Required action ▸ Given the records that follow, return each one verbatim.

Data shown ▸
----------
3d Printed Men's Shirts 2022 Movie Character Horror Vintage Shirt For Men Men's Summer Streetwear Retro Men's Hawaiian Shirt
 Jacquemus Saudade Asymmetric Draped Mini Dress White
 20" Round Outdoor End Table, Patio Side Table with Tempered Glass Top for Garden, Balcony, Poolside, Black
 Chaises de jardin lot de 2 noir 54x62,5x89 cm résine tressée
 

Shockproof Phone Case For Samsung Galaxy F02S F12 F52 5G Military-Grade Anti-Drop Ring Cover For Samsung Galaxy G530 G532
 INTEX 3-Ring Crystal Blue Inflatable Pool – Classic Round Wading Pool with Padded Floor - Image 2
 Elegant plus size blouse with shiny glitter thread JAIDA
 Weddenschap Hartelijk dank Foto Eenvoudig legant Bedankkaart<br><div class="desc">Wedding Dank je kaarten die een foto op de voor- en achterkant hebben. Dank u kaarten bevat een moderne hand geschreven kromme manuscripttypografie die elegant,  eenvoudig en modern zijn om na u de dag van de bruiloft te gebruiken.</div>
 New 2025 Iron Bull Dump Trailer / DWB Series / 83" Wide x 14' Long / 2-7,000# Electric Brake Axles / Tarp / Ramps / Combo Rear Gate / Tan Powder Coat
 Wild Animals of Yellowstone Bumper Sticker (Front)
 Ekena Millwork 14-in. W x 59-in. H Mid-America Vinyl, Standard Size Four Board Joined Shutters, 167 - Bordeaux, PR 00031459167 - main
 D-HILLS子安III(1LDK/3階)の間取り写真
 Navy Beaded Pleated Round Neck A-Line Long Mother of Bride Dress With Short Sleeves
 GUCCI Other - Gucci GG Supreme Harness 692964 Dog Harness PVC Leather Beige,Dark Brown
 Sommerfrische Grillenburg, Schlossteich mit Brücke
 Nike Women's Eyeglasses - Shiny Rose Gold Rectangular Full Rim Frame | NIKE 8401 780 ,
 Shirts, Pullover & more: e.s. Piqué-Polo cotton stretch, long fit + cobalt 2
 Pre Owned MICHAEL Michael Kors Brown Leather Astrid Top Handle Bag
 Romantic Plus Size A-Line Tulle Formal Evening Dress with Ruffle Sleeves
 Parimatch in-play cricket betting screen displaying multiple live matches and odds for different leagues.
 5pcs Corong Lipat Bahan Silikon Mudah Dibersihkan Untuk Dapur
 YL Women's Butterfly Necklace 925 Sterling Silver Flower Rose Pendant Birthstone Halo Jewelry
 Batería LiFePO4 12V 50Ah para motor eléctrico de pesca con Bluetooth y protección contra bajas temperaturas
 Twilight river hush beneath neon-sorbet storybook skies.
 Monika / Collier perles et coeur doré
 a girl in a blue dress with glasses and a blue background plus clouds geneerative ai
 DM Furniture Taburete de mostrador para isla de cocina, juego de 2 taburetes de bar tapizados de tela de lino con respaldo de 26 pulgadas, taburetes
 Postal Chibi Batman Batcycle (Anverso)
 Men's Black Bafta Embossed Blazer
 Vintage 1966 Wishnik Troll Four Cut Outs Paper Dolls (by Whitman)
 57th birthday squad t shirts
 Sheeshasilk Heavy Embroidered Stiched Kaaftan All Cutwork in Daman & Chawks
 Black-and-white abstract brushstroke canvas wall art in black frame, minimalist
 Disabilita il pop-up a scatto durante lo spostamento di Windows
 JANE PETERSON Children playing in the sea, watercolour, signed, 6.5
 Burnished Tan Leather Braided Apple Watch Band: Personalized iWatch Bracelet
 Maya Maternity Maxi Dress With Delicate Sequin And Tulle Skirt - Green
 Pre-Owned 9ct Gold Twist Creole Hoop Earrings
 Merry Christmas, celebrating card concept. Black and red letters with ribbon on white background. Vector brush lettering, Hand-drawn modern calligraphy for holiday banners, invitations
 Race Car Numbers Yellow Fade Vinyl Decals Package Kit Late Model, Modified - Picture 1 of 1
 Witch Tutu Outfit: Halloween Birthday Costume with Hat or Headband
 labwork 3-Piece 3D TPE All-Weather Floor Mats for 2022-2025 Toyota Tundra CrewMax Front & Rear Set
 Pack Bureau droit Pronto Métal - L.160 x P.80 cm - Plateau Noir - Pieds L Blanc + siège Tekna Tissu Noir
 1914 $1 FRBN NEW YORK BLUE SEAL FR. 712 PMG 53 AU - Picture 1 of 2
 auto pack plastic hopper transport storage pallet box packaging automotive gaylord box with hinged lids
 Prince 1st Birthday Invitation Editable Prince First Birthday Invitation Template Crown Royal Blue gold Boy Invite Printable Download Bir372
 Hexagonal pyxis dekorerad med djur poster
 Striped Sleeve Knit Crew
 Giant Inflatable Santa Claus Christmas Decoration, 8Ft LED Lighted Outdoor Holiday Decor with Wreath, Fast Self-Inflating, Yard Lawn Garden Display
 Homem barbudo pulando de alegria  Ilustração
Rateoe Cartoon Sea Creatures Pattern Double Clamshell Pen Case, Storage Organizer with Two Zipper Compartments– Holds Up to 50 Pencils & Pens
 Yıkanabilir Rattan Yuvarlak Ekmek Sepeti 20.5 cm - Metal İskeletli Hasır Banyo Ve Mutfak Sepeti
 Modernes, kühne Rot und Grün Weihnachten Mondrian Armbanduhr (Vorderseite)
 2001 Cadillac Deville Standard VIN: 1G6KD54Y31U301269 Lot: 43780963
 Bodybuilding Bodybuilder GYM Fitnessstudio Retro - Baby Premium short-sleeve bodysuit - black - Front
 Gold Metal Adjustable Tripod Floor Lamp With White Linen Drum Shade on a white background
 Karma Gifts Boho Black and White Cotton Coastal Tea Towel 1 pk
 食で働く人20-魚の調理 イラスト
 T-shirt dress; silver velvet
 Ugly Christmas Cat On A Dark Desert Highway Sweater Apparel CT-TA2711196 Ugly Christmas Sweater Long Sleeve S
----------
Solution for this exercise ▸
3d Printed Men's Shirts 2022 Movie Character Horror Vintage Shirt For Men Men's Summer Streetwear Retro Men's Hawaiian Shirt
 Jacquemus Saudade Asymmetric Draped Mini Dress White
 20" Round Outdoor End Table, Patio Side Table with Tempered Glass Top for Garden, Balcony, Poolside, Black
 Chaises de jardin lot de 2 noir 54x62,5x89 cm résine tressée
 

Shockproof Phone Case For Samsung Galaxy F02S F12 F52 5G Military-Grade Anti-Drop Ring Cover For Samsung Galaxy G530 G532
 INTEX 3-Ring Crystal Blue Inflatable Pool – Classic Round Wading Pool with Padded Floor - Image 2
 Elegant plus size blouse with shiny glitter thread JAIDA
 Weddenschap Hartelijk dank Foto Eenvoudig legant Bedankkaart<br><div class="desc">Wedding Dank je kaarten die een foto op de voor- en achterkant hebben. Dank u kaarten bevat een moderne hand geschreven kromme manuscripttypografie die elegant,  eenvoudig en modern zijn om na u de dag van de bruiloft te gebruiken.</div>
 New 2025 Iron Bull Dump Trailer / DWB Series / 83" Wide x 14' Long / 2-7,000# Electric Brake Axles / Tarp / Ramps / Combo Rear Gate / Tan Powder Coat
 Wild Animals of Yellowstone Bumper Sticker (Front)
 Ekena Millwork 14-in. W x 59-in. H Mid-America Vinyl, Standard Size Four Board Joined Shutters, 167 - Bordeaux, PR 00031459167 - main
 D-HILLS子安III(1LDK/3階)の間取り写真
 Navy Beaded Pleated Round Neck A-Line Long Mother of Bride Dress With Short Sleeves
 GUCCI Other - Gucci GG Supreme Harness 692964 Dog Harness PVC Leather Beige,Dark Brown
 Sommerfrische Grillenburg, Schlossteich mit Brücke
 Nike Women's Eyeglasses - Shiny Rose Gold Rectangular Full Rim Frame | NIKE 8401 780 ,
 Shirts, Pullover & more: e.s. Piqué-Polo cotton stretch, long fit + cobalt 2
 Pre Owned MICHAEL Michael Kors Brown Leather Astrid Top Handle Bag
 Romantic Plus Size A-Line Tulle Formal Evening Dress with Ruffle Sleeves
 Parimatch in-play cricket betting screen displaying multiple live matches and odds for different leagues.
 5pcs Corong Lipat Bahan Silikon Mudah Dibersihkan Untuk Dapur
 YL Women's Butterfly Necklace 925 Sterling Silver Flower Rose Pendant Birthstone Halo Jewelry
 Batería LiFePO4 12V 50Ah para motor eléctrico de pesca con Bluetooth y protección contra bajas temperaturas
 Twilight river hush beneath neon-sorbet storybook skies.
 Monika / Collier perles et coeur doré
 a girl in a blue dress with glasses and a blue background plus clouds geneerative ai
 DM Furniture Taburete de mostrador para isla de cocina, juego de 2 taburetes de bar tapizados de tela de lino con respaldo de 26 pulgadas, taburetes
 Postal Chibi Batman Batcycle (Anverso)
 Men's Black Bafta Embossed Blazer
 Vintage 1966 Wishnik Troll Four Cut Outs Paper Dolls (by Whitman)
 57th birthday squad t shirts
 Sheeshasilk Heavy Embroidered Stiched Kaaftan All Cutwork in Daman & Chawks
 Black-and-white abstract brushstroke canvas wall art in black frame, minimalist
 Disabilita il pop-up a scatto durante lo spostamento di Windows
 JANE PETERSON Children playing in the sea, watercolour, signed, 6.5
 Burnished Tan Leather Braided Apple Watch Band: Personalized iWatch Bracelet
 Maya Maternity Maxi Dress With Delicate Sequin And Tulle Skirt - Green
 Pre-Owned 9ct Gold Twist Creole Hoop Earrings
 Merry Christmas, celebrating card concept. Black and red letters with ribbon on white background. Vector brush lettering, Hand-drawn modern calligraphy for holiday banners, invitations
 Race Car Numbers Yellow Fade Vinyl Decals Package Kit Late Model, Modified - Picture 1 of 1
 Witch Tutu Outfit: Halloween Birthday Costume with Hat or Headband
 labwork 3-Piece 3D TPE All-Weather Floor Mats for 2022-2025 Toyota Tundra CrewMax Front & Rear Set
 Pack Bureau droit Pronto Métal - L.160 x P.80 cm - Plateau Noir - Pieds L Blanc + siège Tekna Tissu Noir
 1914 $1 FRBN NEW YORK BLUE SEAL FR. 712 PMG 53 AU - Picture 1 of 2
 auto pack plastic hopper transport storage pallet box packaging automotive gaylord box with hinged lids
 Prince 1st Birthday Invitation Editable Prince First Birthday Invitation Template Crown Royal Blue gold Boy Invite Printable Download Bir372
 Hexagonal pyxis dekorerad med djur poster
 Striped Sleeve Knit Crew
 Giant Inflatable Santa Claus Christmas Decoration, 8Ft LED Lighted Outdoor Holiday Decor with Wreath, Fast Self-Inflating, Yard Lawn Garden Display
 Homem barbudo pulando de alegria  Ilustração
Rateoe Cartoon Sea Creatures Pattern Double Clamshell Pen Case, Storage Organizer with Two Zipper Compartments– Holds Up to 50 Pencils & Pens
 Yıkanabilir Rattan Yuvarlak Ekmek Sepeti 20.5 cm - Metal İskeletli Hasır Banyo Ve Mutfak Sepeti
 Modernes, kühne Rot und Grün Weihnachten Mondrian Armbanduhr (Vorderseite)
 2001 Cadillac Deville Standard VIN: 1G6KD54Y31U301269 Lot: 43780963
 Bodybuilding Bodybuilder GYM Fitnessstudio Retro - Baby Premium short-sleeve bodysuit - black - Front
 Gold Metal Adjustable Tripod Floor Lamp With White Linen Drum Shade on a white background
 Karma Gifts Boho Black and White Cotton Coastal Tea Towel 1 pk
 食で働く人20-魚の調理 イラスト
 T-shirt dress; silver velvet
 Ugly Christmas Cat On A Dark Desert Highway Sweater Apparel CT-TA2711196 Ugly Christmas Sweater Long Sleeve S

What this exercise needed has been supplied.